CSCO Speaker: Saikrishna Prakash
'The Equal Protection of Equal Laws'

Saikrishna Prakash teaches Constitutional Law, Foreign Relations Law and Presidential Powers at the Law School.
Prakash’s most recent book is “The Presidential Pardon: The Short Clause with the Long, Troubled History,” from Harvard University Press (2026). He is also the author of “The Living Presidency: An Originalist Argument Against Its Ever-Expanding Powers,” from Harvard Belknap Press (2020) and “Imperial from the Beginning: The Constitution of the Original Executive” from Yale University Press (2015). “The Living Presidency” focuses on the modern presidency, while “Imperial From the Beginning” considers the presidency of the Founders.
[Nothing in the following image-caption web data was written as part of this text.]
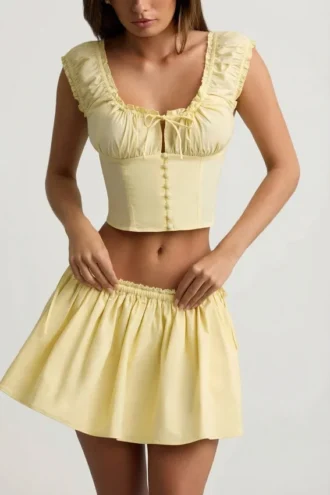 Top corsé de popelín de algodón fruncido Faela en amarillo limón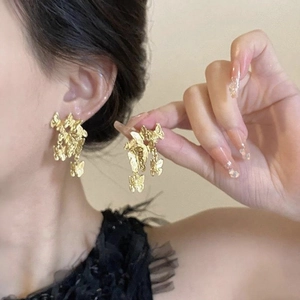 Close-up of golden butterfly earrings worn by a model to show intricate 3D metal details
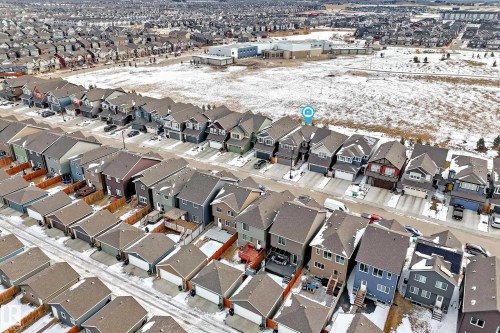 Aerial view of a residential area featuring numerous properties with various exterior colors and roof styles - 2935 Chokecherry Common, Edmonton, AB - Outdoor
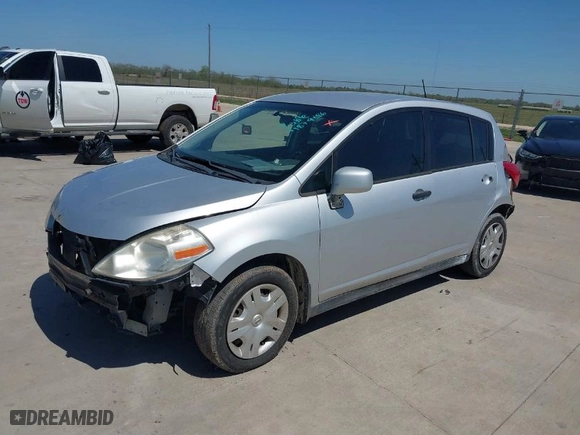 2010 Nissan Versa 1.8 S with VIN 3N1BC1CP7AL433675, listed as a IAAI auction lot 41879386 with 219,794 mi miles. Bid and sale history available at carsss.com. Image 2.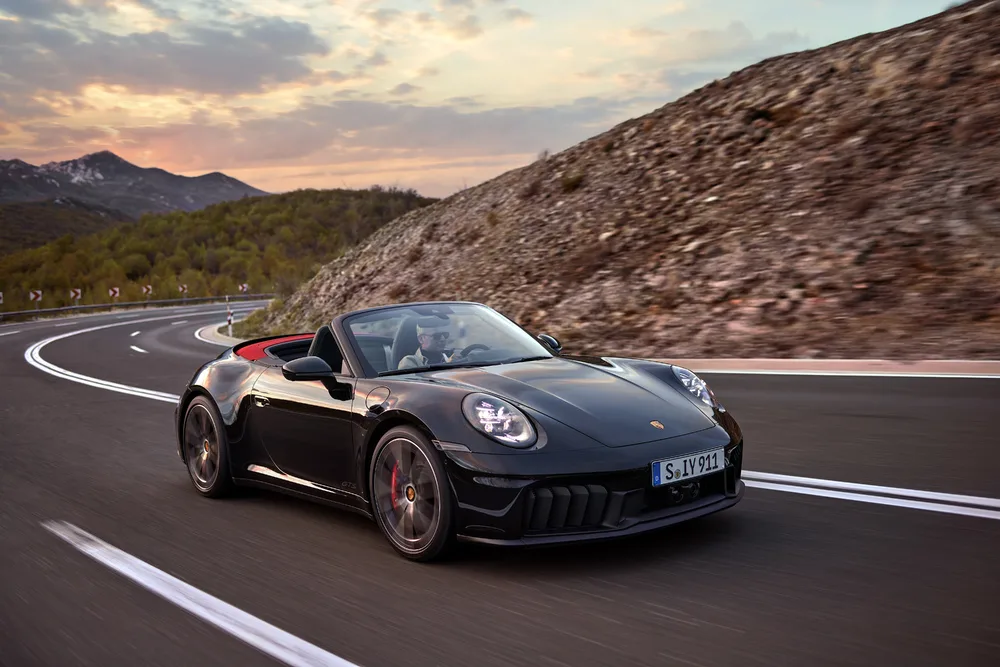 Porsche 911 Carrera GTS Cabriolet preto com a capota aberta andando na estrada com montanhas ao fundo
Prakash has authored over 80 law review articles. Among them are “The Inconvenience Doctrine” in the Stanford Law Review, “Of Synchronicity and Supreme Law” in the Harvard Law Review, and “Deciphering the Commander-in-Chief Clause” in the Yale Law Journal.
USD School of Law Center for the Study of Constitutional Originalism
Originalism is the view that the Constitution should be interpreted in accordance with its original meaning—that is, the meaning it had at the time of its enactment. The Center for the Study of Constitutional Originalism at the University of San Diego School of Law has as its mission the study of all aspects of originalism. In particular, the center studies arguments for and against the originalist theory of interpretation, the variety of specific originalist interpretive methods, and the original meaning of particular constitutional provisions.